Escaladas y descensos

Mientras esto escribo, miro por la ventana y veo como se diluye la nieve en pequeños charcos de agua. Las máquinas quitanieves han amontonado en grandes bloques toda la que representaba un peligro para el viandante y la circulación en general, pero todavía hay hileras blancas que marcan la linde de los jardines que bordean los caminos. Las arboledas han dejado rastros de la lluvia nívea, a cuyo peso muchas ramas no han podido resistir y se han quebrado. Pequeños cadáveres de un fenómeno contra el que no pudieron hacer frente en la vejez y la vulnerabilidad que las aquejaba. 

Todavía quedan árboles que muestran pequeñas líneas albas que resbalan por sus brazos desnudos de hojas. Durante la nevada los pájaros desaparecieron, sólo uno ha persistido con un canto madrugador que poco ha durado, y las ardillas han debido de dormir el tiempo frío cobijadas en sus acogedores nidos a la espera de que todo se normalice para dedicarse a lo que saben hacer con sus idas y venidas, escaladas y descensos de los gigantes de madera: ser todo un espectáculo de agilidad y funambulismo, y llenar los ojos humanos de alegría. Ellas lo ignoran, pero verlas siempre despiertan la sonrisa y una sensación de encanto infantil. Es como volver a los cuentos de hadas con aquellos tiernos dibujos que las representaban en mil y un ajetreos en los que siempre abundaban algunas de ellas, erectas, con sus dientes afilados clavados en el fruto que sostenían sus minúsculas “manos”. Y como manta y timón de sus correrías incansables, esa cola preciosa móvil, esponjosa, larga, suave y voluptuosa que cubre sus graciosos cuerpecillos.
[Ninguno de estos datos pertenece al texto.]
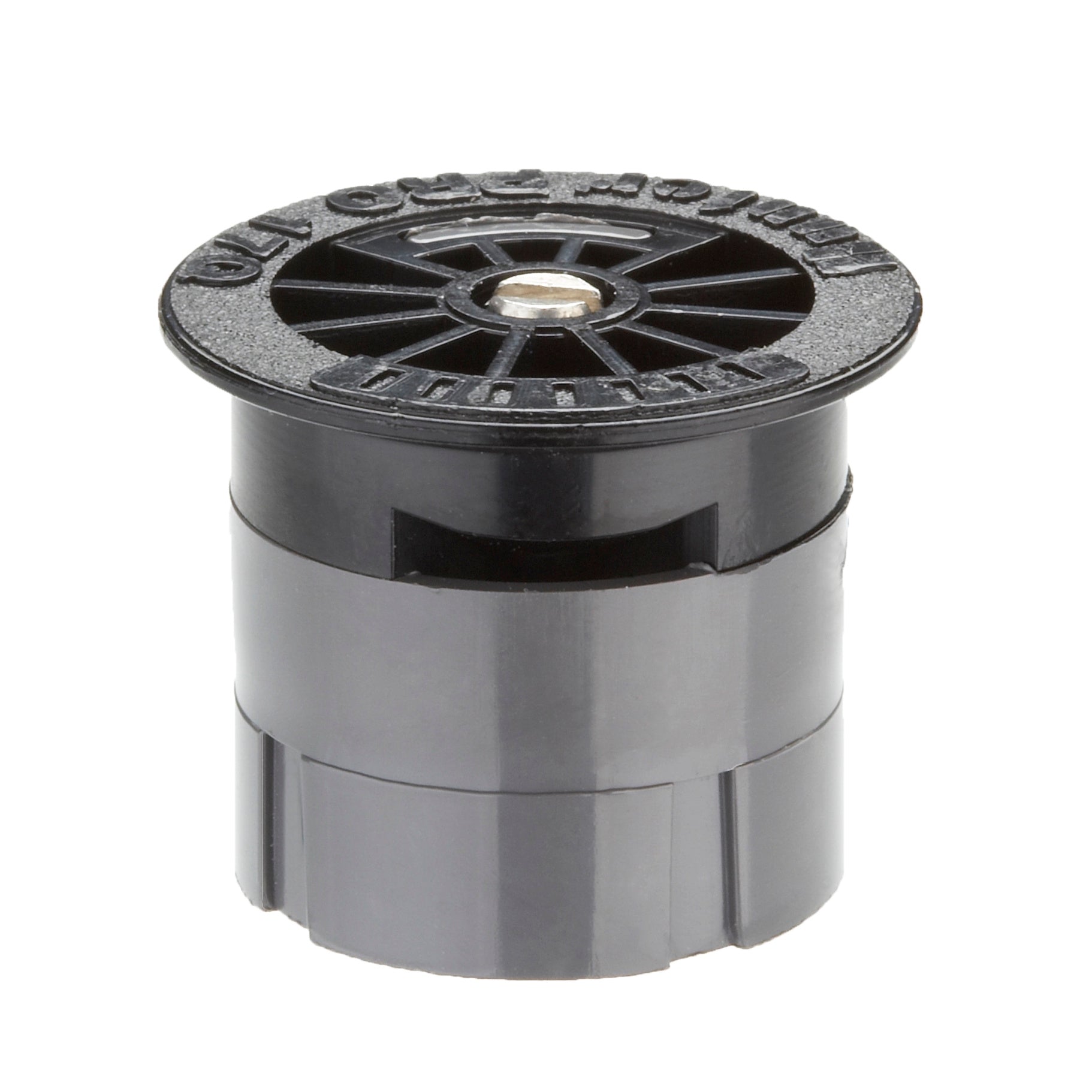 Hunter Nozzle 17Q Grey (5.2m Radius 90°)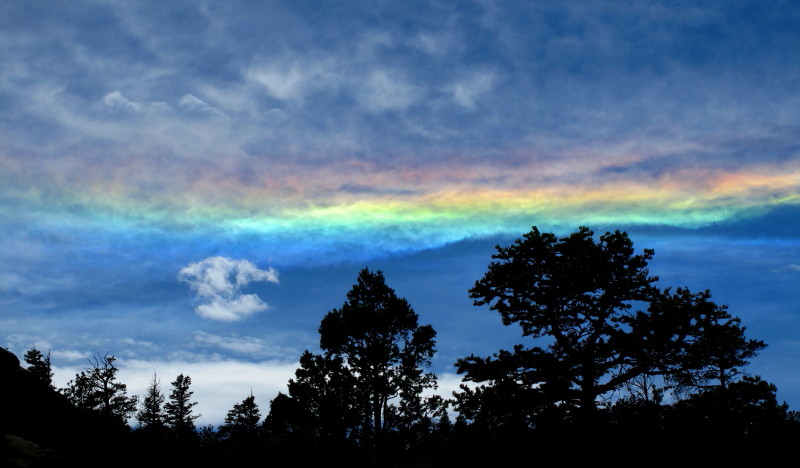 Philmont Redux: A Returning Scouter&rsquo;s Report - 9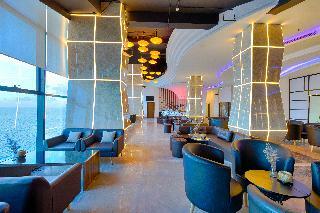 Grand Tourane Hotel Danang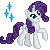 Free Rarity Icon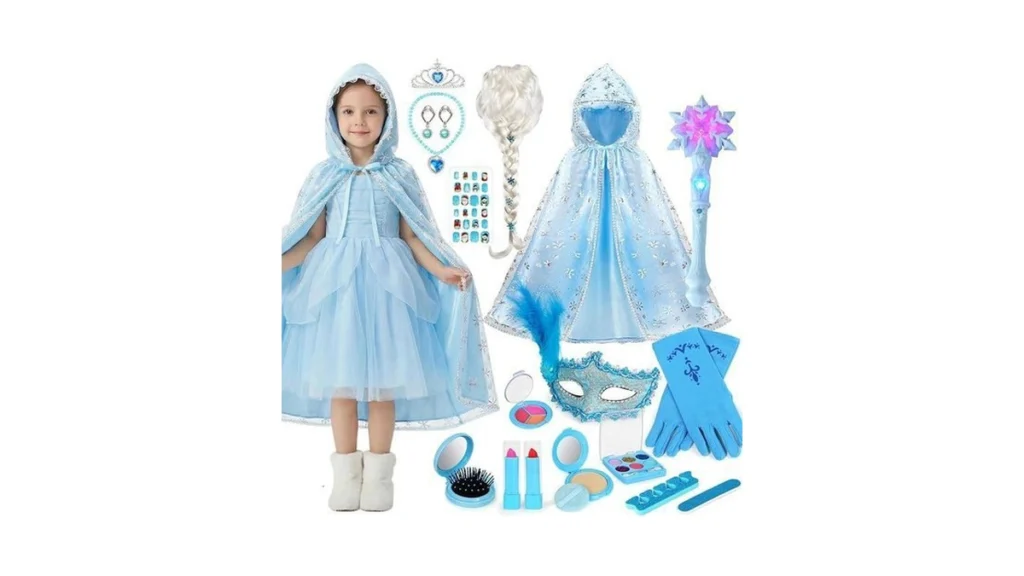 Verified image for post 230769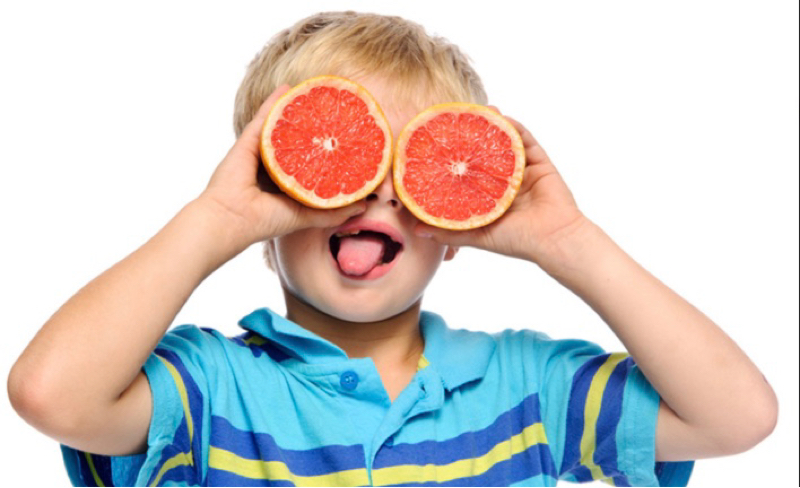 私は正社員ですって言葉とは一生縁が無さそうだ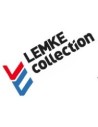Lemke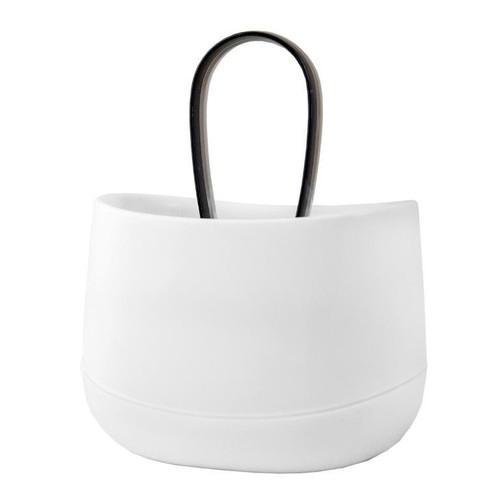 Scolaposate tavola con - scolaposate,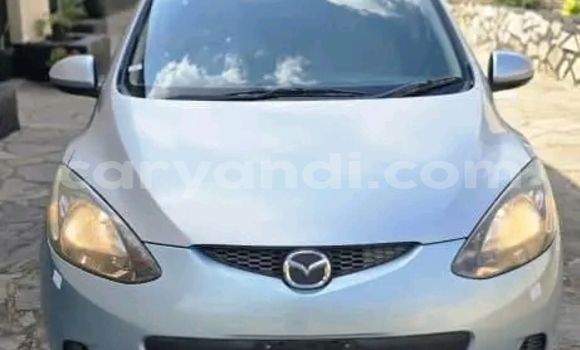 Buy Used Mazda Demio Other Car in Choma in Southern Buy Used Mazda Demio Other Car in Choma in Southern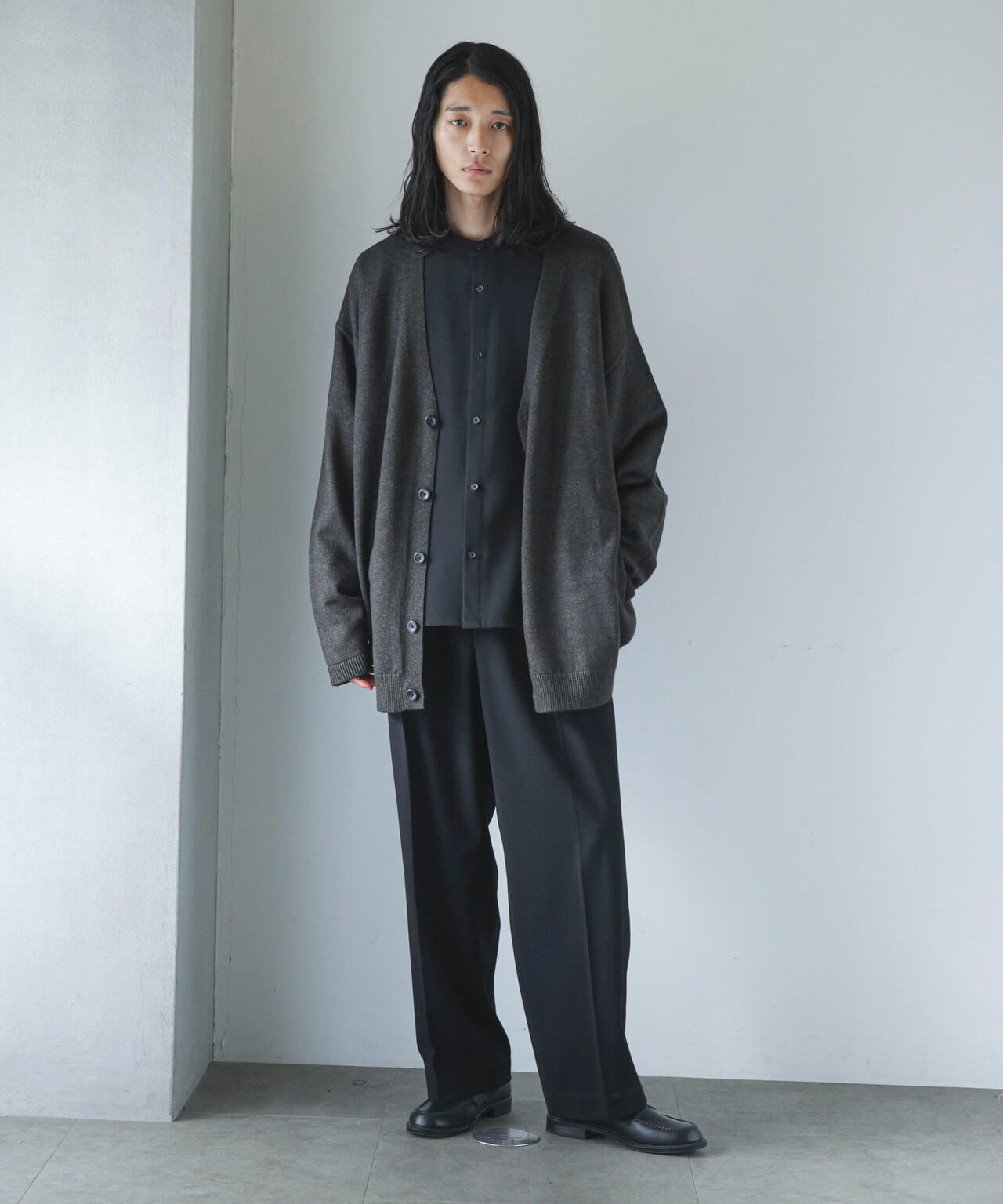 4266b8cf-db1b-5396-989b-120ed284c1f0_Image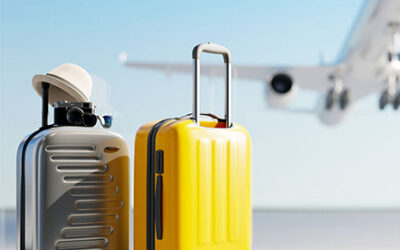 Voyagez en toute sécurité, obtenez votre Visa affaire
Es el invierno en todo su esplendor. Y con él, las demás criaturas que se mueven en la sombra y pernoctan en sus silenciosas y cálidas madrigueras durante el bostezo nocturno. Las que más se muestran a la vista dado su tamaño, son los ciervos en grupos de cinco o seis, que salen en busca del alimento a esa hora en la que se confunde la noche con el día. En la que la tierra queda suspensa en el punto justo del misterio, en el punto justo que no pueden medir los relojes. Ellos, los animales, son los que lo saben. Es la naturaleza de una estación callada, serena, que llama a la introspección y al recogimiento, y que, como todas las demás, ofrece la hermosura desnuda de su esencia, la maravilla de su propia existencia.